La questione grottesca è che lo scippo del bonus fiscale sta rappresentando un ulteriore motivo di divisione all'interno della sinistra. Il ministro dell'Economia prevede una Finanziaria da 35 miliardi: 20 per la riduzione del deficit e 15 per lo sviluppo. Il taglio del deficit deriverà essenzialmente dalla riduzione di spese in quattro comparti: sanità, pensioni, enti locali e pubblica amministrazione. Bruxelles pretende almeno 16/17 miliardi di misure strutturali: la ripresa economica e il conseguente miglioramento delle entrate, non hanno per i burocrati europei nulla di strutturale. A ciò si aggiunga che questo governo è entrato in carica con tassi di interesse europei al 2,5% e nel prossimo anno dovrebbero arrivare al 3,5% per la politica monetaria già adottata dalla Bce: il che fa un saldo di 10 miliardi di euro in più per pagare gli interessi sul nostro debito pubblico. In sintesi l'Europa da una parte ci chiede rigore nei conti, dall'altra ci toglie un po' di terreno sotto i piedi aumentando i tassi di interesse.

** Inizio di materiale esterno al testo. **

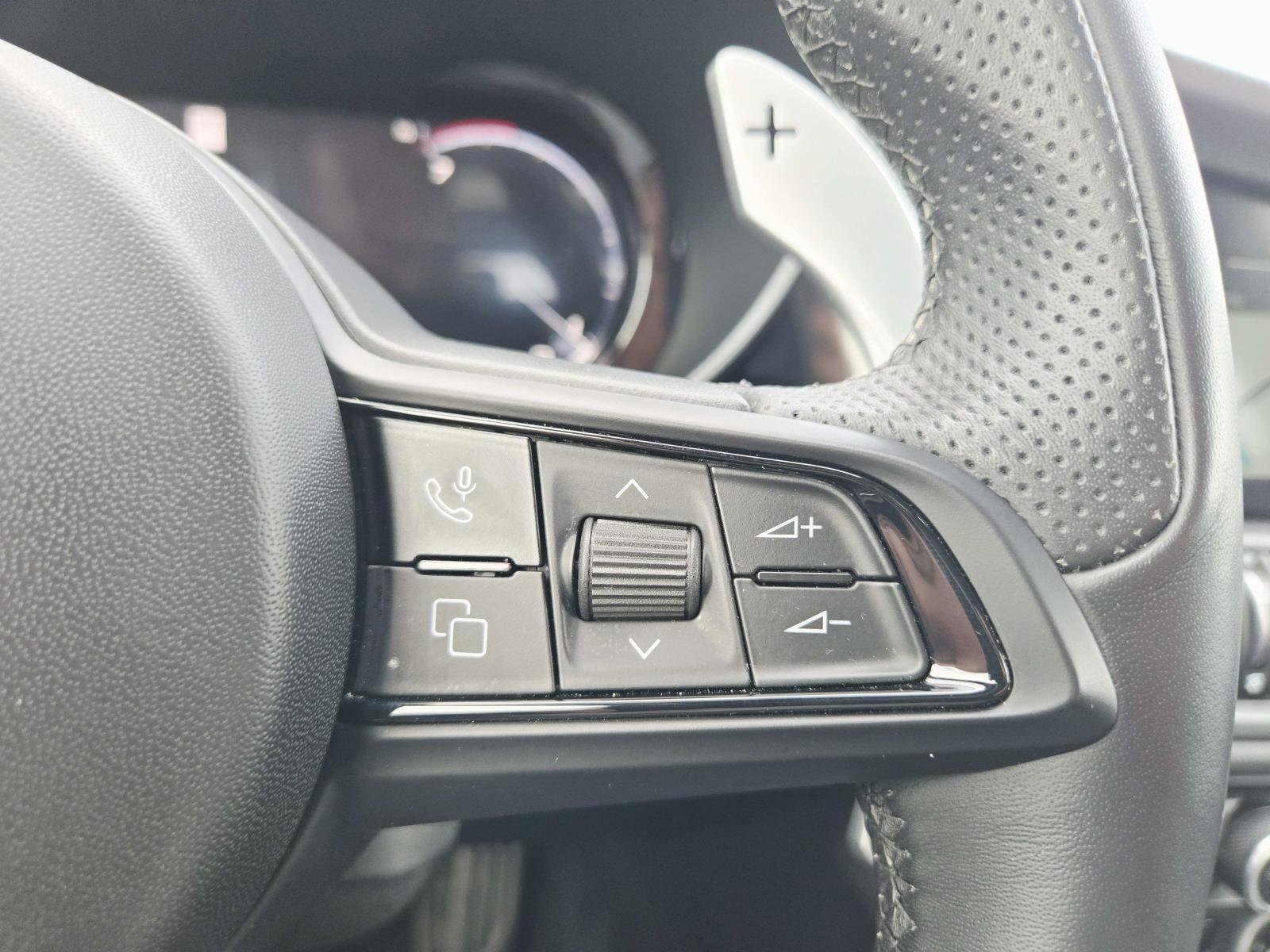 Used 2024 Alfa Romeo Giulia Veloce AWD/4WD image 24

In questo scenario in cui la camicia di forza è difficilmente allentabile ci sono due vie d'uscita. La prima, per semplicità definibile tremontiana, era quella di assecondare il più possibile i contabili europei, ma nel frattempo ridurre le imposte per dare vigore e spessore all'economia. Una mossa che sta pagando e dei cui frutti si compiace l'attuale esecutivo. La seconda strada per ora interpretata da Tommaso Padoa-Schioppa è quella di seguire con maggiore attenzione i diktat europei e sacrificare un po' di crescita (quella del 2007) per rimettere subito i conti a posto. Condita con il consueto accanimento fiscale, necessario corollario redistributivo, bene interpretato da Visco. In queste ore si sta facendo largo una terza via: quella appunto del gruppone sindacal-comunista dell'attuale maggioranza. È una via che passa per l'aumento delle imposte e l'intoccabilità della spesa pubblica. E il maggior gettito recuperato da Tremonti e contabilizzato dal governo Prodi, è la migliore scusa per gettare a mare l'indispensabile correzione della spesa pubblica. Sforbiciate che il governo Berlusconi è riuscito ad operare efficacemente solo nel comparto pensionistico. Trascurando, ad esempio, la pubblica amministrazione.
Il banco di prova sarà dunque la discussione sulla Finanziaria che partirà ad autunno.